Es un cuadro, cercano a la antigua idea de oligarquía, donde sobresale un régimen hegemónico montado sobre la ley de lemas y comandado por el Partido Justicialista. De Menem a Kirchner, este arreglo ha gozado siempre de la protección del gobierno nacional.

Los que llevan la peor parte en este tipo de provincias, de Salta a Formosa, son los indígenas, eternos explotados por un concepto espurio que los convierte de ciudadanos libres, en masa disponible para producir el sufragio. ¿Cómo actúa el sistema en Formosa?
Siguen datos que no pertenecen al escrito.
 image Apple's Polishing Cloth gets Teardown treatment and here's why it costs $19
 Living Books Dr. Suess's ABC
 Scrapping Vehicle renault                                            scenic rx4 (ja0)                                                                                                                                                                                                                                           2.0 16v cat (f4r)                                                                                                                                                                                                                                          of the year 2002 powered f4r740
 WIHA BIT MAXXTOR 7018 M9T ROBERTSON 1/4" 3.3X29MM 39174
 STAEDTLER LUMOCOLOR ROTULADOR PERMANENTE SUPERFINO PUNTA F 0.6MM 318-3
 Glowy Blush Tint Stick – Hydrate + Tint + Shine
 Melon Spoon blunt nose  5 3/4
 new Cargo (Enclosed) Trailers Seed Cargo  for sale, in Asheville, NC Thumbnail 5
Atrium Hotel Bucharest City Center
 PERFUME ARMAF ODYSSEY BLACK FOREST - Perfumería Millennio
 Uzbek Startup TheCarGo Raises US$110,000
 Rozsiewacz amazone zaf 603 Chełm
Mediante un juego que combina la dádiva con la amenaza. Las dádivas previas a los comicios son importantes para quienes están desprovistos de derechos elementales y tienen insatisfechas sus necesidades básicas: agua, comida, leña, el pago de un servicio y la promesa de otros beneficios para el día después de las elecciones.
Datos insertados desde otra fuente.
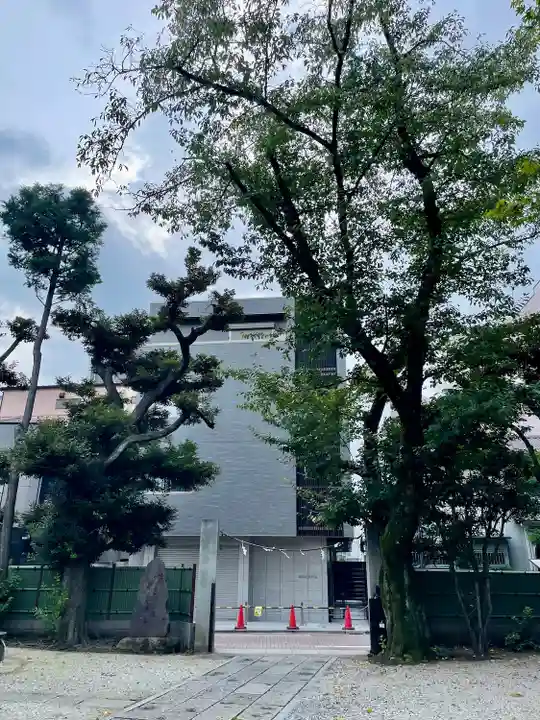 東神社(東京都)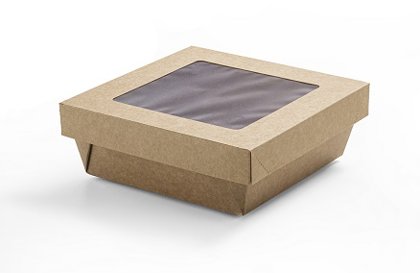 BOX 250 COPERCHIO 10,5 C/FIN.CAR.AVANA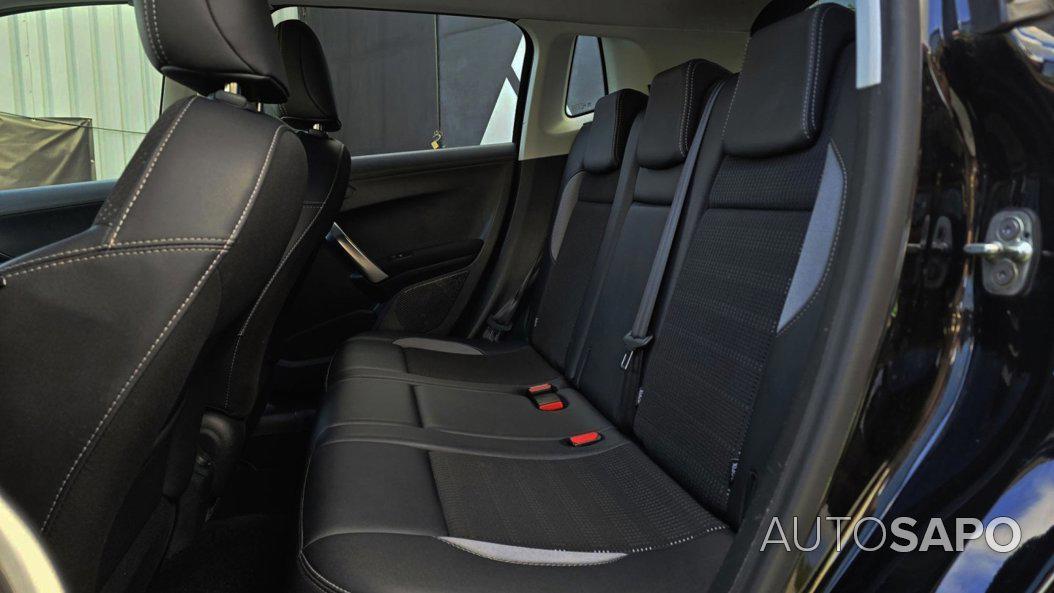 Peugeot 2008 1.6 BlueHDi Allure de 2017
La contrapartida de esta aparente generosidad es la apropiación de documentos de identidad por parte de los punteros electorales (si no se entrega el documento no hay, en rigor, comida). Con estos resguardos, los electores son transportados hasta el lugar de los comicios, donde se les devuelve el DNI junto con una boleta perteneciente a uno de los sublemas en competencia, pertrechada con los necesarios dobleces para que el fiscal (otro puntero) las detecte en el momento de hacer el escrutinio. Guay de que estas exigencias no se cumplan: las sanciones, retaceando agua, planes sociales o alimentos, no se hacen esperar. El círculo se cierra porque, además, estas prácticas son compartidas tanto por el partido de gobierno como por el que ejerce la oposición.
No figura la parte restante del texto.